At his deposition, the witness could not remember the procedure. He could not remember the goat or the goat’s vein. He could not remember much about the day when the patented surgical technique was supposedly invented.

Despite his lack of recollection during his deposition, when he took the stand several months later at trial, the witness vividly recalled, and described for the jury, the events of that now-important day, right down to the way the goat’s vein responded to the treatment. He even spun a tale of self-sacrifice, describing how he recalled shielding a pregnant colleague from x-rays that were used during the procedure by interposing his body between her and the x-ray machine.

Under cross-examination, the witness of course was impeached by his testimony, at deposition, that he could not remember the events of that day. To rehabilitate the witness and explain his suddenly impeccable memory, opposing counsel conducted redirect. The witness testified during redirect that his discussions with counsel during his preparation for trial brought back the 13-year-old memories of shielding his pregnant colleague from harmful x-rays — which in turn triggered memories of the goat, the procedure and the effect of the procedure on the goat’s vein. After the witness finished reminiscing about heroically protecting his colleague, opposing counsel announced in open court that she, too, was expecting.

Q: What does your trial prep routine consist of?

My trial prep begins when the case is filed. For example, to ensure that we are focused on the themes that will ultimately animate the trial, I work on my opening statement early in the case, and use it as a guide to the discovery process. Similarly, because I believe that trials are won and lost on cross-examination, I begin working on cross early. I develop an outline of how I plan to cross a witness before taking the witness’s deposition.

I ask the team to arrive at the trial site two full weeks in advance for “final” preparations. At the office, there are so many distractions, and we need enough time to polish the opening, our directs, crosses and demonstratives. By arriving early, we avoid (or at least minimize) the all-nighters and can be fresh and eager when it is time to select the jury.

Q: If you could give just one piece of advice to a lawyer on the eve of their first trial, what would it be?

Be yourself. Do not try to be the lawyer you think the jury expects, and do not try to mimic another attorney’s style, no matter how successful he or she is in court. You will be at your best when you are comfortable and natural. People — and juries are just people — relate to other people who are genuine. People don’t like artificiality.

Relatedly, while you should definitely be yourself, you should also be open to learning from many other people as you develop your own personal style. In addition to your mentors within your own firm, don’t forget opposing counsel! You are going to face off against many highly skilled opposing counsel in your career and they have much to teach you. The best lawyers are the best learners, those who are open to learning from everyone.

Q: Name a trial attorney, outside your own firm, who has impressed you and tell us why.

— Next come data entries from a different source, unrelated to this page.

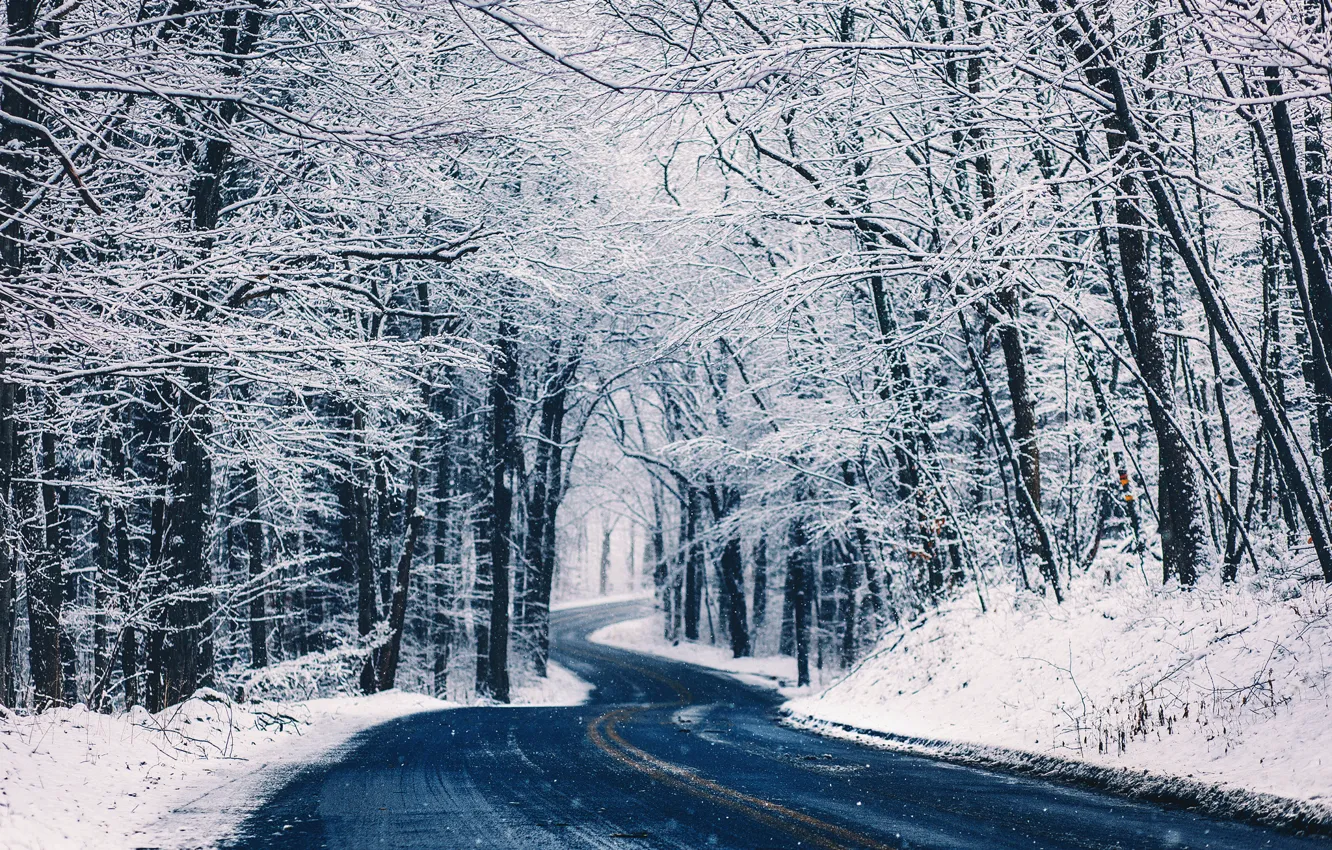 Photo wallpaper winter, road, forest, snow, trees, nature, landing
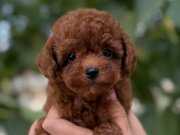 Baby Face Kore Poodle Yavrular
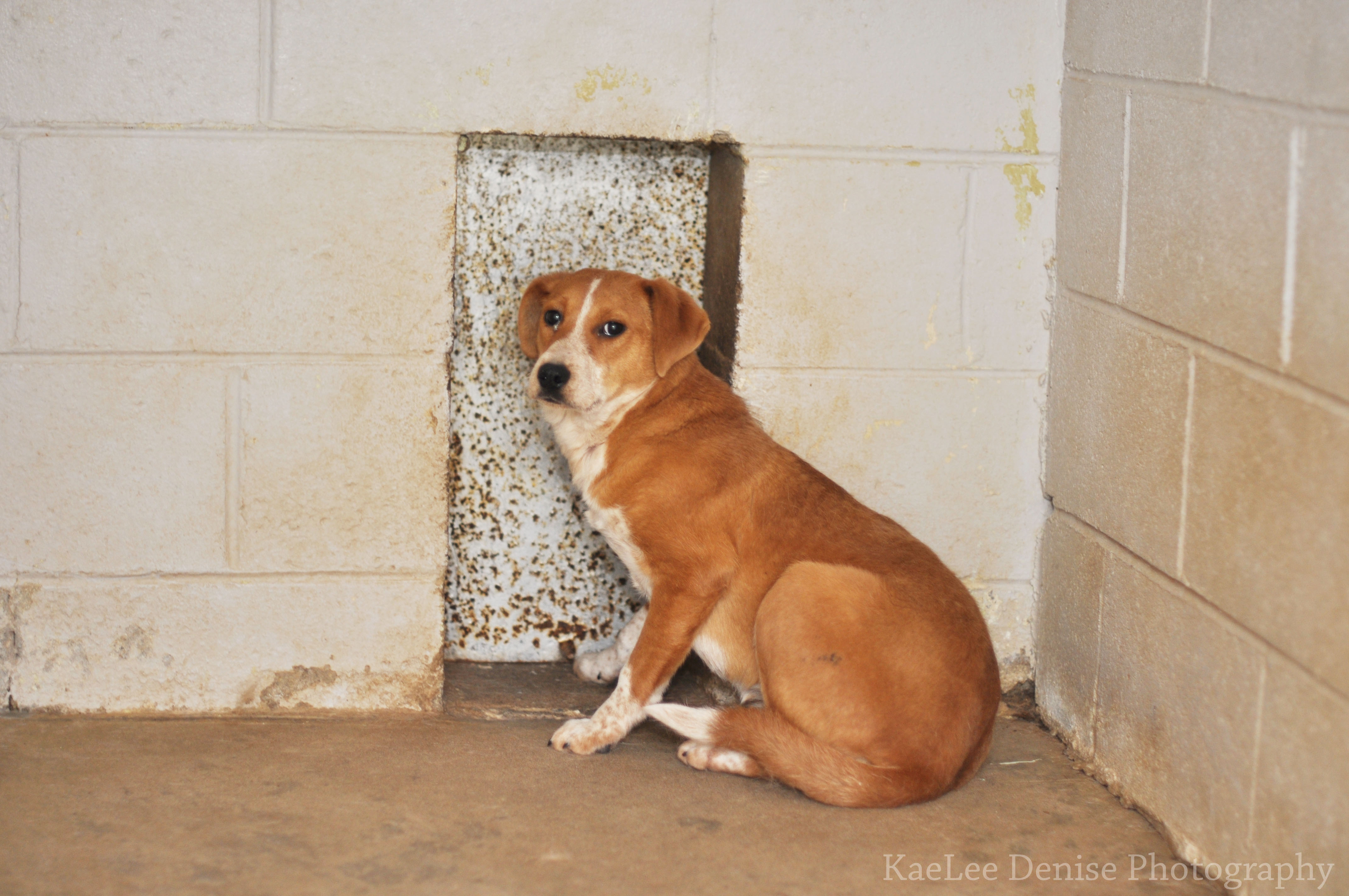 Kaelee Denise Photography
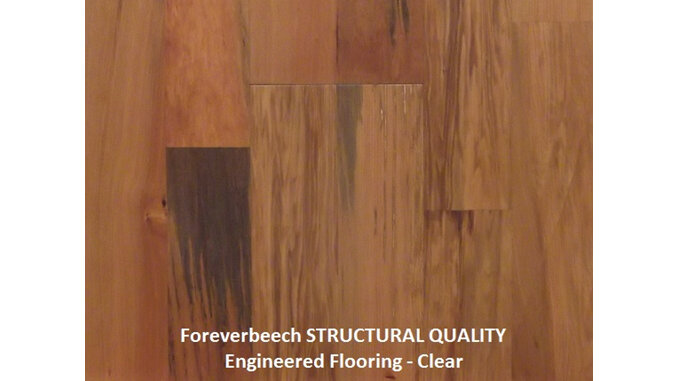 Finishing kit, clear, oil, hardwood floor, foreverbeech engineered flooring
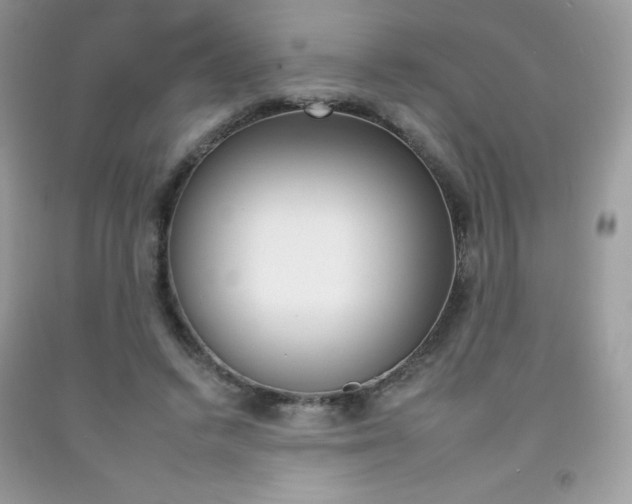 X0000092260448200709141029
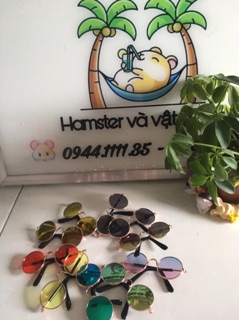 Mắt kính râm cho chó mèo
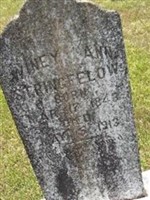 Winey Ann Roberts Stringfellow Winey Ann Roberts Stringfellow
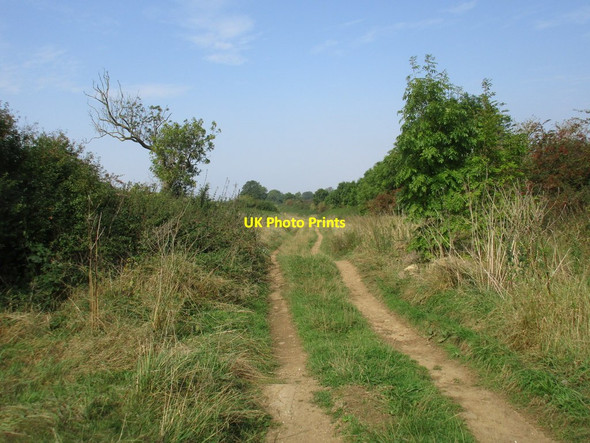 Photo 6"x4" The Drift north of Sproxton Road Skillington c2016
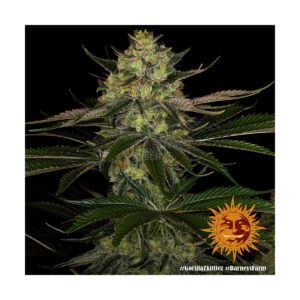 Gorilla Zkittlez - Barneys Farm feminisiert 3er Pack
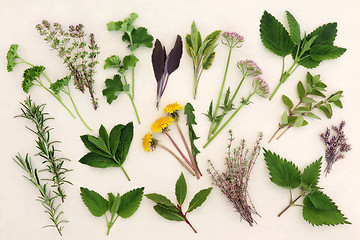 Image showing Herbal Nature Study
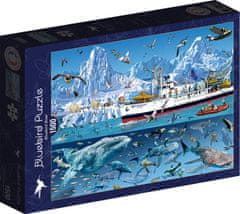 Blue Bird Puzzle Arktída: Loď Bluebird 1500 dielikov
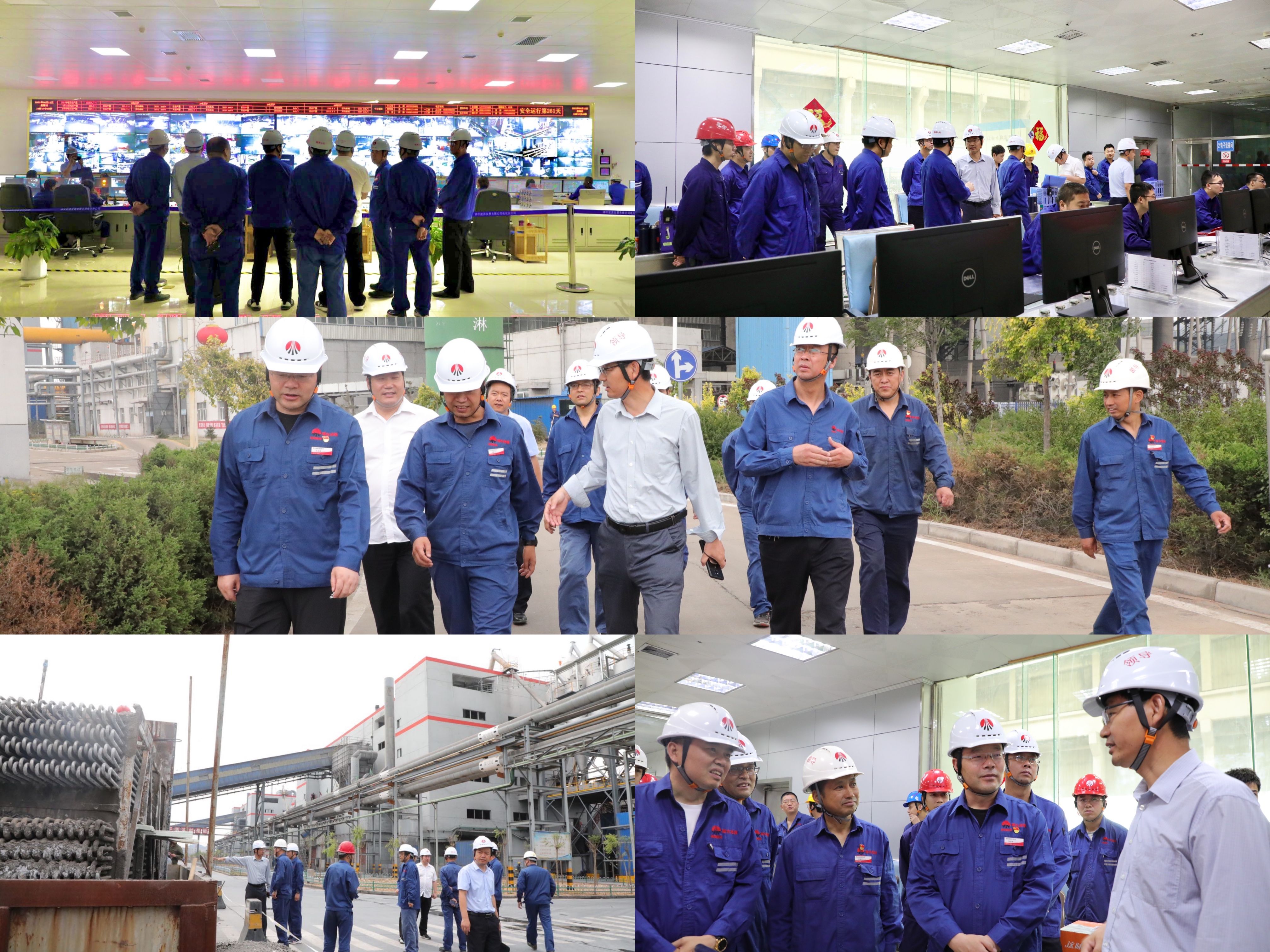 1623718398600637.jpg 1623718398600637.jpg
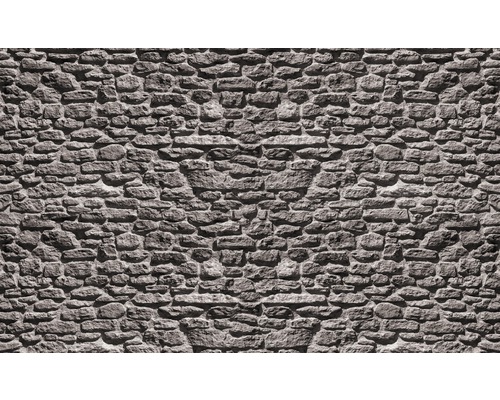 Papier peint panoramique intissé mur de pierre gris 312x219 cm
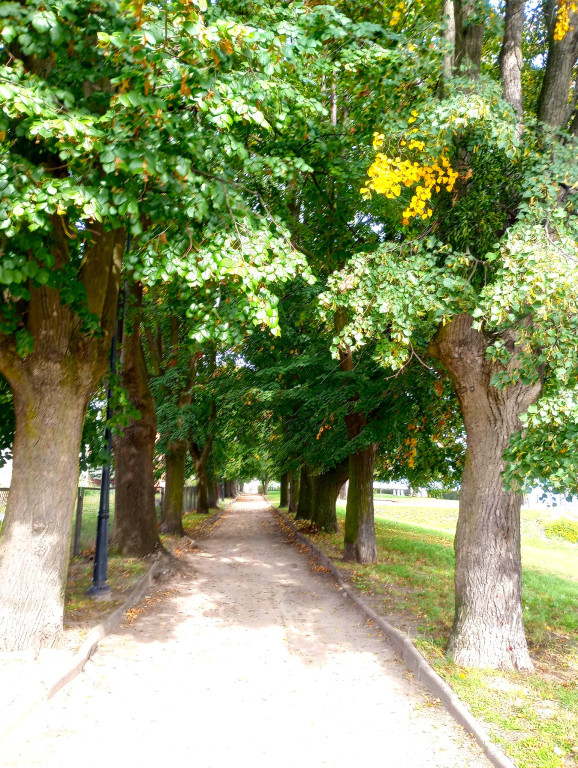 Nieszawa: Atrakcje turystyczne pod Ciechocinkiem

I tried a patent infringement case against Bill Bright of McCarter & English — who has since been elevated to the bench in Connecticut — early in my career. Bill demonstrated all of the skills and values of a great trial lawyer. He was extremely creative in the way that he framed the issues in that case for the jury. He was an aggressive advocate — I will never forget one thundering cross in which Bill displayed a perfectly-calibrated level of righteous indignation after our witness scored points with some late-breaking evidence. Bill also took seriously the obligation to work cooperatively and in a civil fashion with opposing counsel. At a time in my career when I was experiencing other opposing counsel who behaved differently, Bill’s attitude influenced me and helped shape my own approach.